Tell me about your new book, An Autistic Anthology: Neuro-Narratives of Mental Health Professionals.

After I received my diagnosis, I turned to the experiences of other autistic mental health professionals to guide me. However, there was little to nothing out there! So, I asked Dr Vicky Jervis and Dr Marianne Trent to create a book with me. An Autistic Anthology: Neuro-Narratives of Mental Health Professionals features 25 peoples' stories. They're stories of strength, tenacity, barriers and challenges. The message behind the book is like the quote says, 'If you can't see it, you can't be it'. We hope that both aspiring and qualified autistic professionals find representation. We also hope that those who might be curious about our experiences gain insight into this. Really, this book is for everyone! 

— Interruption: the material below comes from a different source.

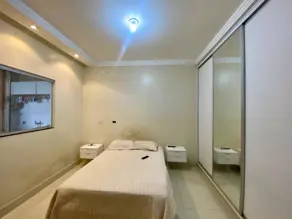 Imagem 2 - Casa Condomínio em Jardim Mont Serrat, Aparecida de Goiânia - GO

Can you share a piece of work or research that has really changed or shaped your practice?

Gosh, so many! If I had to choose just one, I'd say Dr Nick Walker's blog post. It's such a comprehensive summary of neurodiversity, neuro-affirming language and why it matters. It shaped my approach to practice, for sure.

What advice would you give to other autistic aspiring psychologists who may be interested in pursuing a career in psychology?

Do it… but don't do it like me. Remember that it's okay to look after yourself and enjoy life. If you can, find your neurodivergent tribe; they are an invaluable support. Overall, this job really is a privilege. Know that you are needed, you have a lot to bring to the profession, and your input will make a difference!